Co ciekawe parafia w Białymstoku nie jest jedyną, gdzie takie zasady zostały umieszczone. Na stronie parafii św. Marii Magdaleny w Rabce-Zdroju znajduje się dosyć obszerny wpis: „Savoir Vivre w kościele”. Tam też można zapoznać się m.in. ze sposobami zastosowania zasad dobrego wychowania podczas Mszy świętej – jak należy odwiedzać kościół (okazuje się, że w trojaki sposób: mimochodem wstępując do niego na krótką modlitwę, uczestnicząc we Mszy św. w dzień powszedni, uczestnicząc we Mszy św. w niedzielę lub w inne święto kościelne), jaki powinien być ubiór i stosunek wobec osób starszych, niepełnosprawnych. Liturgia została podzielona na poszczególne etapy, które wymagają określonych zasad etykiety i dobrego wychowania. Zostały szczegółowo omówione. Także na stronie parafii św. Jadwigi Śląskiej w Legnicy opublikowane są katechezy (łącznie jedenaście) które dotyczą sposobu zachowania się podczas celebracji Eucharystii, pełnego i czynnego w niej udziału.

Co na to wierni?

„Ludzie przychodzą do kościoła, by się pomodlić, prosić o pomoc, podziękować, a nade wszystko spotkać się z Bogiem. Idąc w półnegliżu czy rozmawiając nie tyle nie ma się szacunku do Boga co przeszkadza się innym. Nieraz słyszałem, że skoro idę się modlić to po co patrzę na takie osoby. Prawda jest taka, że one same zwracają na siebie uwagę. To rozprasza” – mówi Marcin.

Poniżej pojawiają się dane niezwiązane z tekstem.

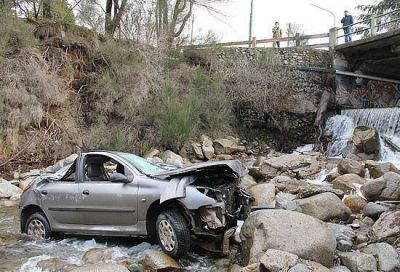 Un auto cay� en el arroyo Las Piedritas
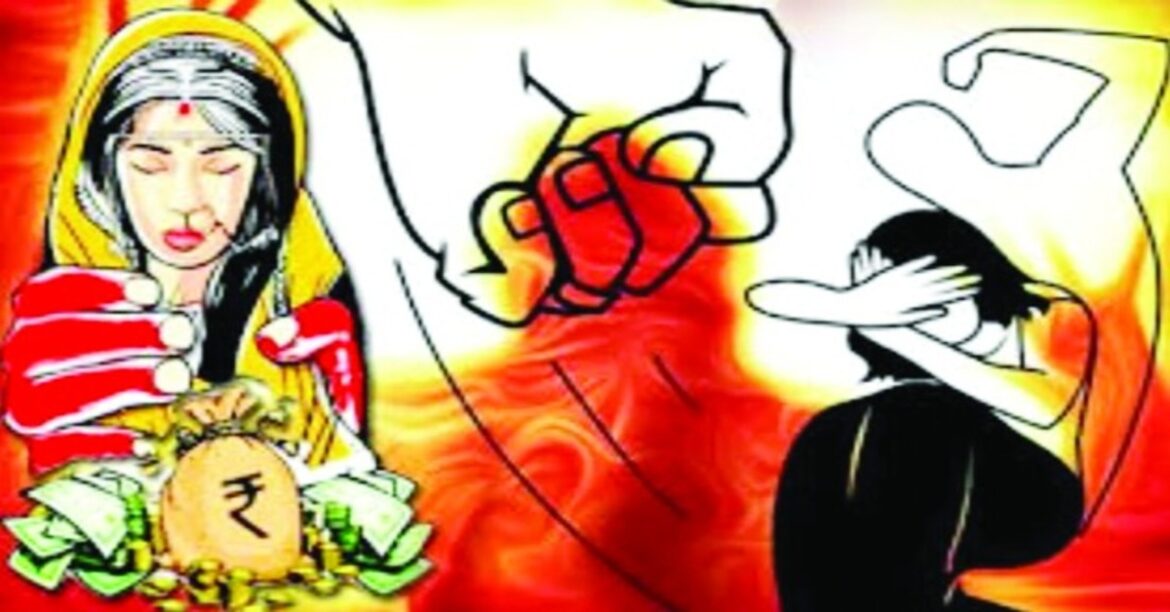 Married woman from Ranchi was lured for a Darjeeling trip and abandoned in Howrah; police registered FIR and started investigation.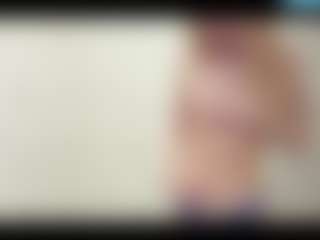 Live cam show with KarrySzweda - College on fapnchat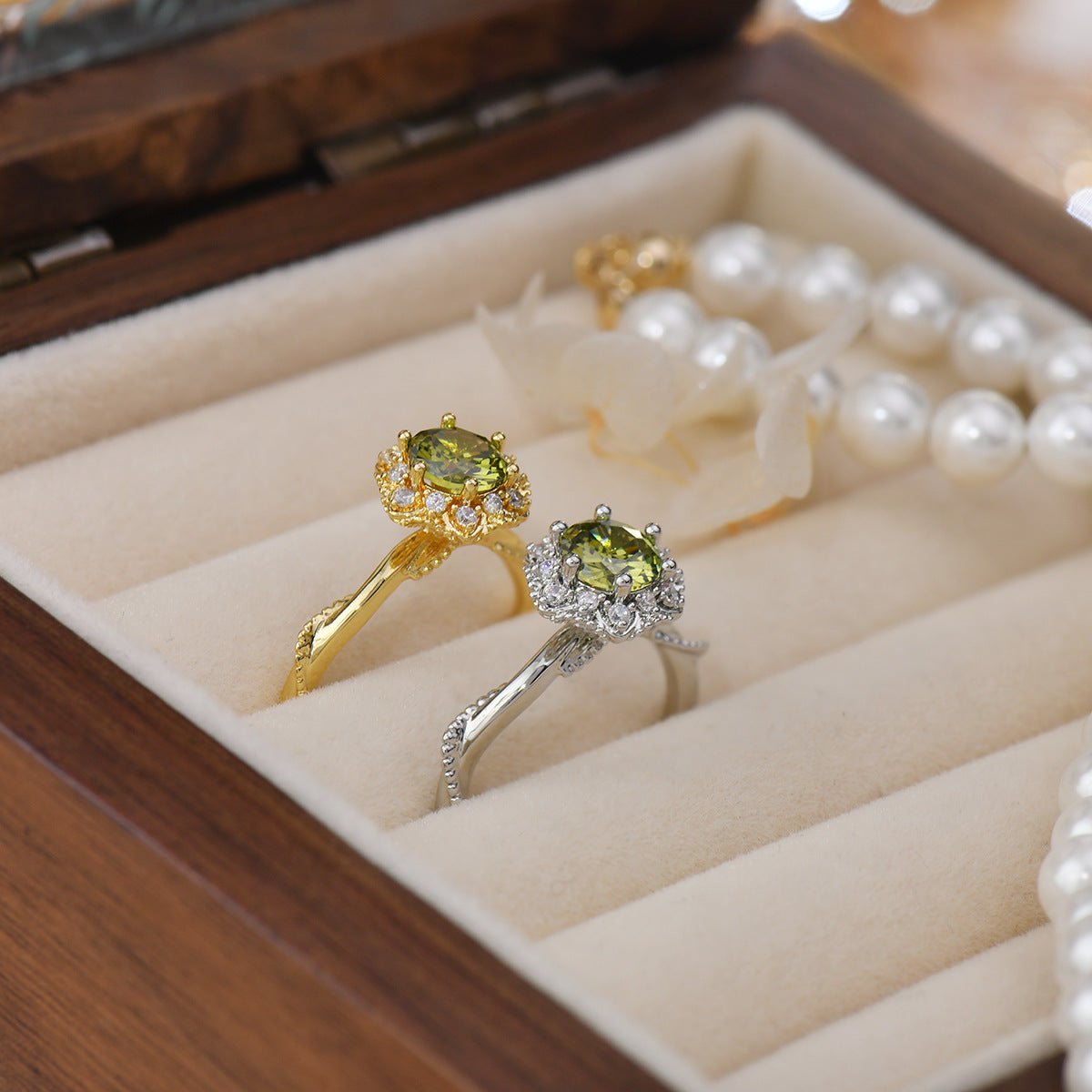 Twist Peridot Ring in Silver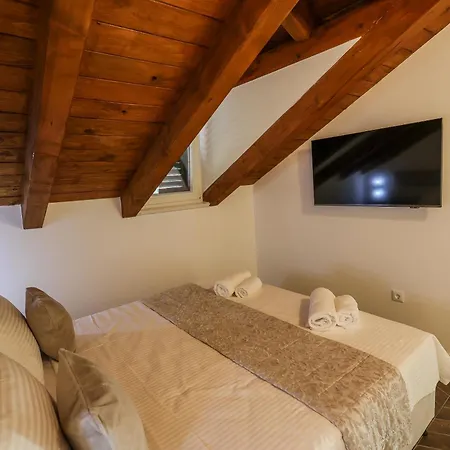 Prisca Luxury With Breakfast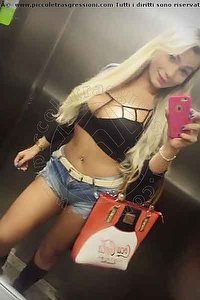Foto selfie trans Giselle Sakai Curitiba 00554197484988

„Idę do świątyni do najważniejszej osoby w moim życiu i dlatego sama pamiętam o szacunku dla tego miejsca i godnym ubiorze” – mówi Agnieszka. „A instrukcja savoir vivre’u proboszcza na stronie parafii, może i jest irytująca. Napisana nakazowo, ale gdyby ją przeczytać sercem i rozumem to zamysł wydaje się być słuszny. Przychodzę bowiem do kościoła nie z obowiązku, ale tam oczekuję spotkania z Bogiem, którego darzę największym szacunkiem i nie chcę też zakłócać innym takiej formy bliskości z Nim” – dodaje.

O autorze

Anna Gębalska-Berekets

Doktor. Ukończyła studia doktoranckie na Uniwersytecie Kardynała Stefana Wyszyńskiego w Warszawie w Instytucie Edukacji Medialnej i Dziennikarstwa. Autorka książek i artykułów, w których porusza tematy dotyczące antropologii moralnej, etyki, filozofii, pedagogiki mediów.

2 komentarze

  • A ja osobiście mam problem z jedną z zasad. Mimo mlodego wieku mam duży problem z kregoslupem. Po cc jeszcze się pogorszyl. Nie dam rady wystac na Mszy Swietej, a w momentach „stojacych” musze koniecznie zmieniac pozycję, np z nogi na nogę albo postawic jedna nogę na kleczniku. Kiedy siedze musze miec nogi na kleczniku aby podwinac miednice- zbyt duza lordoza ledzwiowa. Dodam jeszcze, ze sa koscioly, w ktorych postawienie nog na podlodze jest po prostu niemozliwe, nawet dla zdrowych osob, ze wzgledu na to, ze „zjezdza sie” wtedy z lawki.

    • Mam dokładnie taki sam problem z kręgosłupem mimo młodego wieku… Jednak jak dotąd nie traktowałam tego w kościele jako niewłaściwego zachowania, że stawiam stopy na klęczniku czy że się opieram o cokolwiek najczęściej lewą stroną. I cóż nadal nie zamierzam się tym przejmować bo przychodzę do kościoła się modlić a nie stać na baczność. Dodam że w ciążach często siedziałam całą Mszę św. ale bardzo cieszyłam się że zawsze do ostatniej niedzieli przed porodem udawało mi się chodzić na Mszę św.